— Exercise objective —
Your task is to transcribe each record exactly and to omit every image.

— Record excerpts —
# # # # # # #

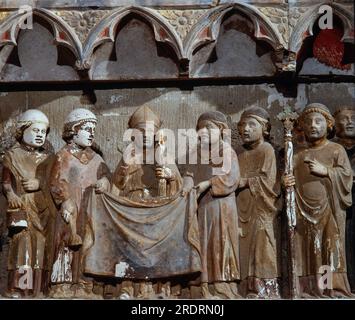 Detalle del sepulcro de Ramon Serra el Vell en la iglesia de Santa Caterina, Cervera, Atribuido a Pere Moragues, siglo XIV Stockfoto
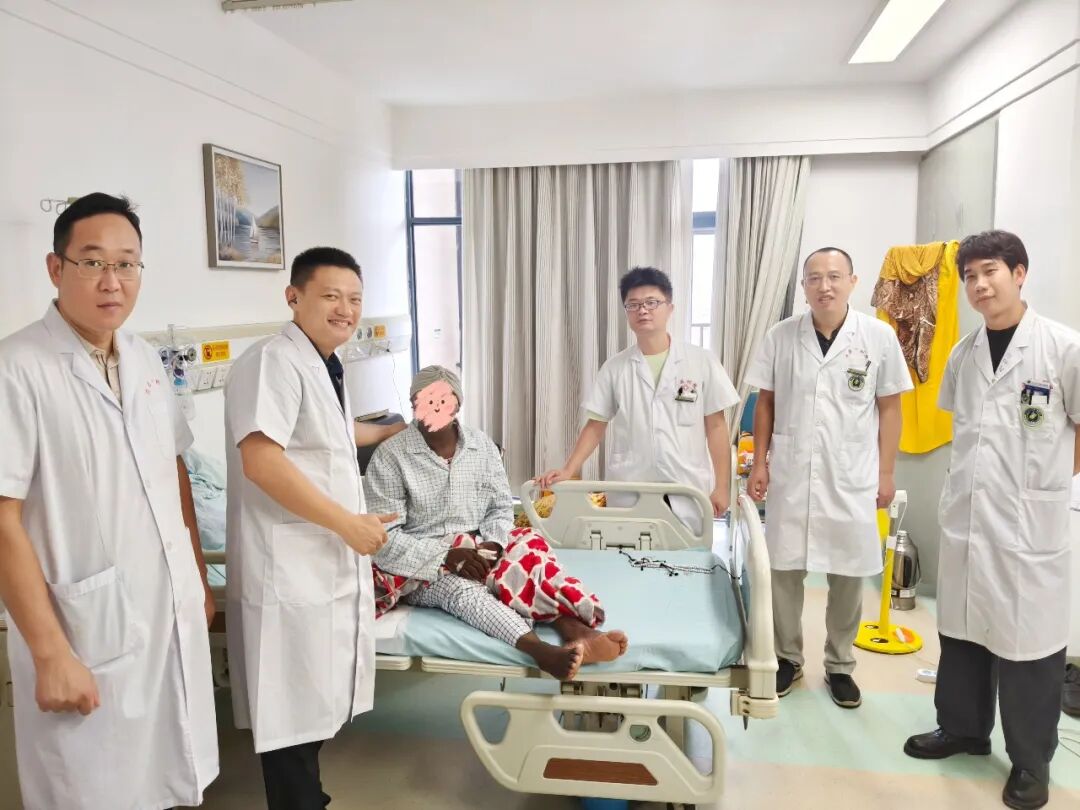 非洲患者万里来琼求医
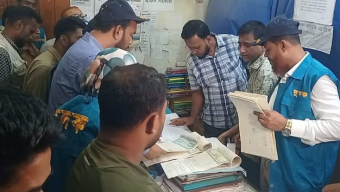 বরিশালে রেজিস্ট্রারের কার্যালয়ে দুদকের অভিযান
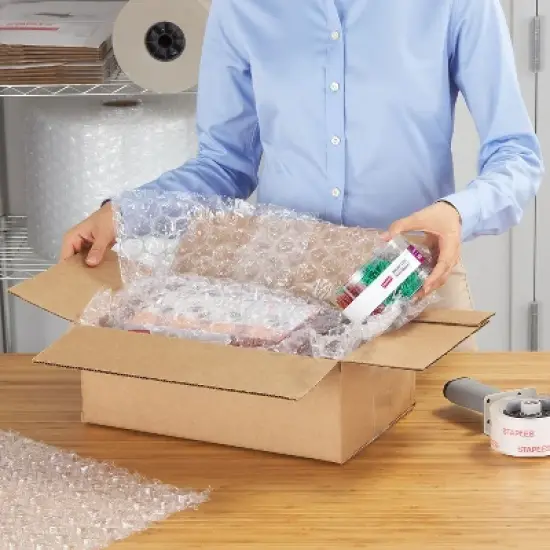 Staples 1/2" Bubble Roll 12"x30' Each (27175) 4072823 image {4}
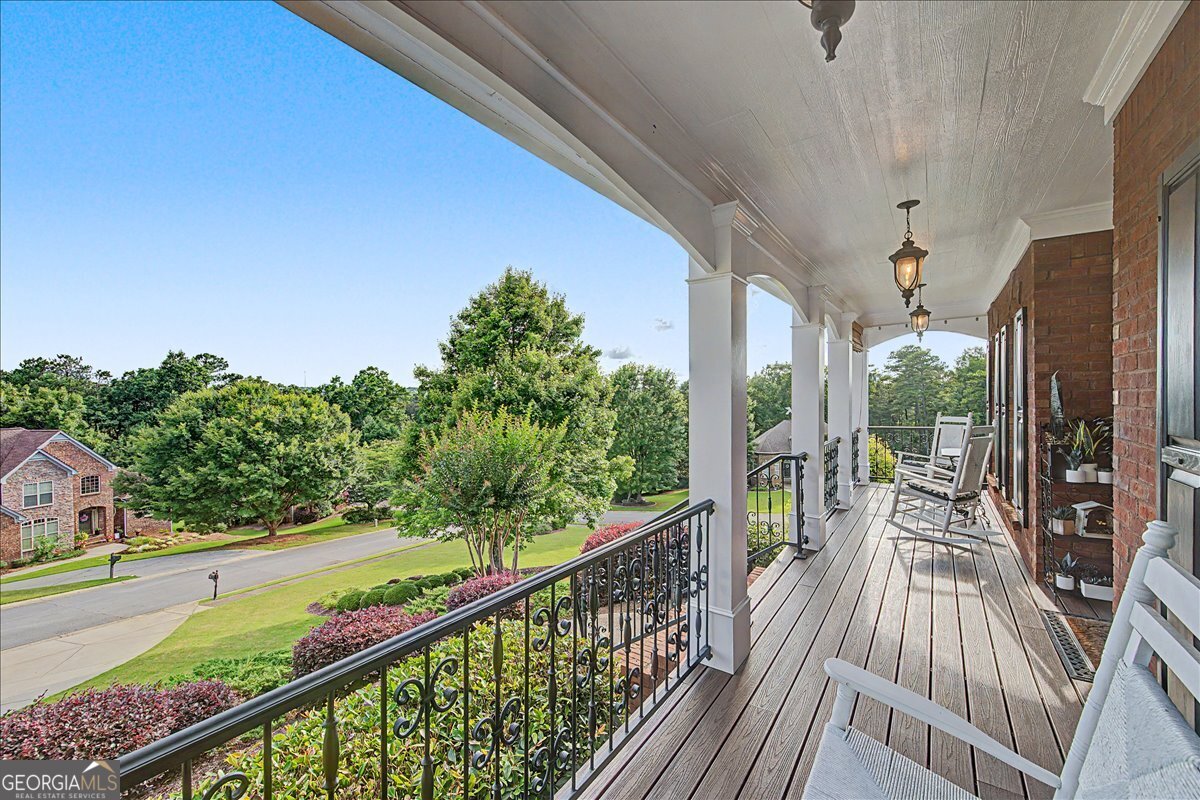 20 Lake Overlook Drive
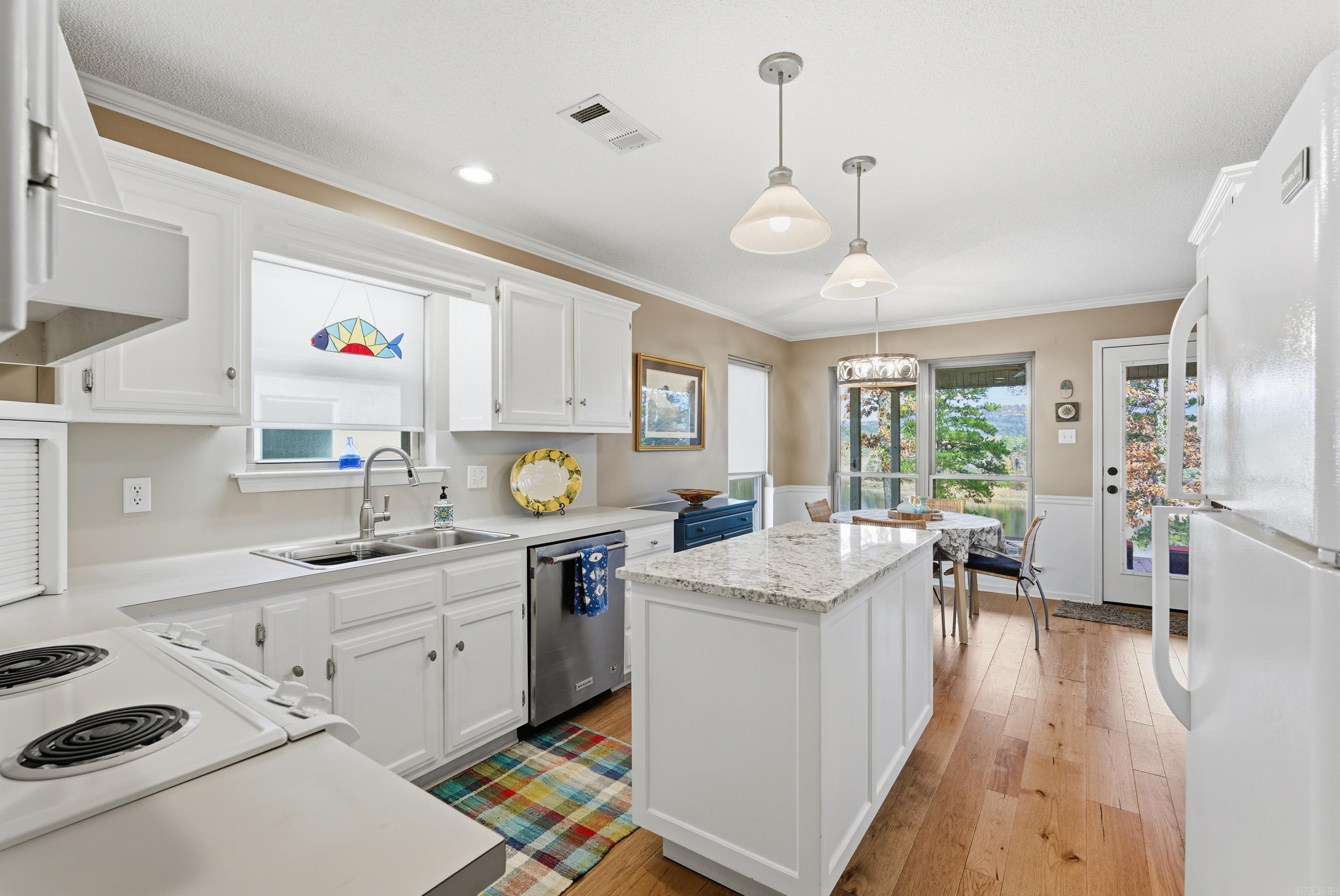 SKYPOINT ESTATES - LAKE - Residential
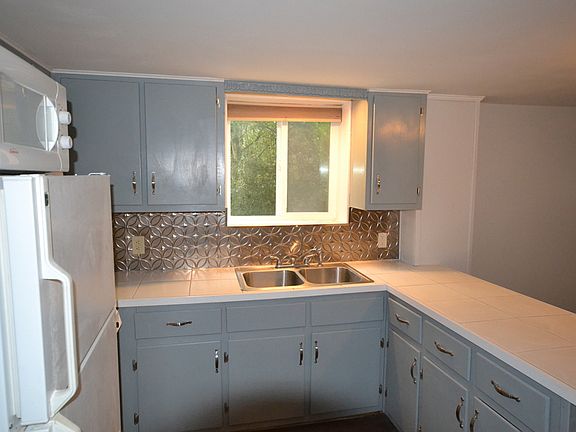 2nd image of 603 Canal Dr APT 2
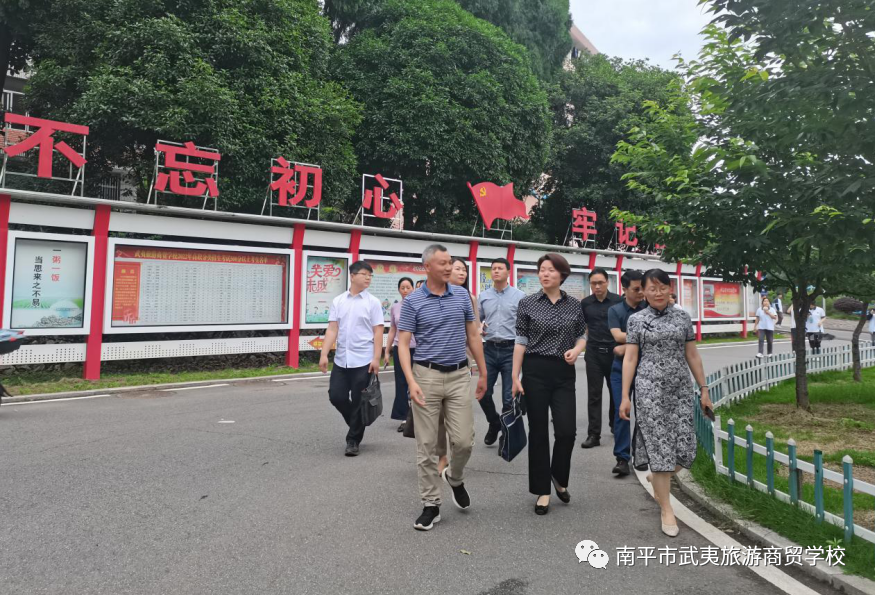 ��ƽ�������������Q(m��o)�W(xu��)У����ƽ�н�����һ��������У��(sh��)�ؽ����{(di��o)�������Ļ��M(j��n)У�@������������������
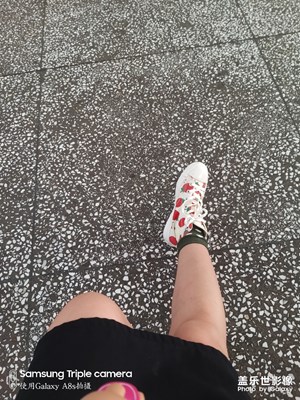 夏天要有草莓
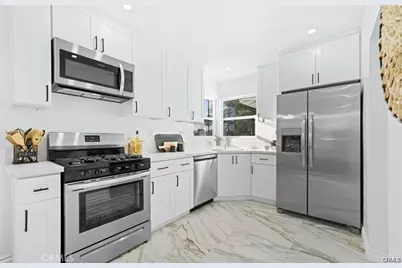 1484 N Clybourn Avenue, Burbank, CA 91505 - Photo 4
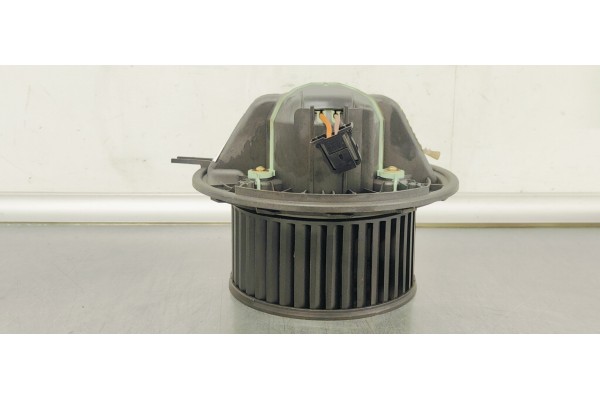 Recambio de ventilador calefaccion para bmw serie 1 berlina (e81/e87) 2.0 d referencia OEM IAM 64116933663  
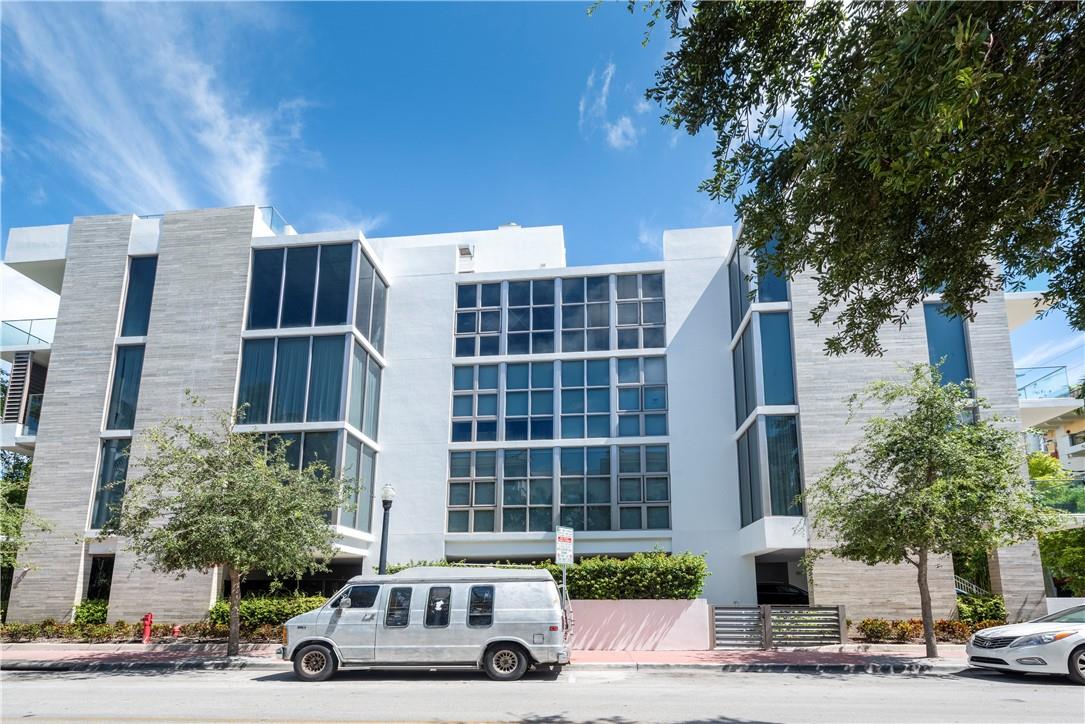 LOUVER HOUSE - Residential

# # # # # # #

— Task response —
 Detalle del sepulcro de Ramon Serra el Vell en la iglesia de Santa Caterina, Cervera, Atribuido a Pere Moragues, siglo XIV Stockfoto
 非洲患者万里来琼求医
 বরিশালে রেজিস্ট্রারের কার্যালয়ে দুদকের অভিযান
 Staples 1/2" Bubble Roll 12"x30' Each (27175) 4072823 image {4}
 20 Lake Overlook Drive
 SKYPOINT ESTATES - LAKE - Residential
 2nd image of 603 Canal Dr APT 2
 ��ƽ�������������Q(m��o)�W(xu��)У����ƽ�н�����һ��������У��(sh��)�ؽ����{(di��o)�������Ļ��M(j��n)У�@������������������
 夏天要有草莓
 1484 N Clybourn Avenue, Burbank, CA 91505 - Photo 4
 Recambio de ventilador calefaccion para bmw serie 1 berlina (e81/e87) 2.0 d referencia OEM IAM 64116933663  
 LOUVER HOUSE - Residential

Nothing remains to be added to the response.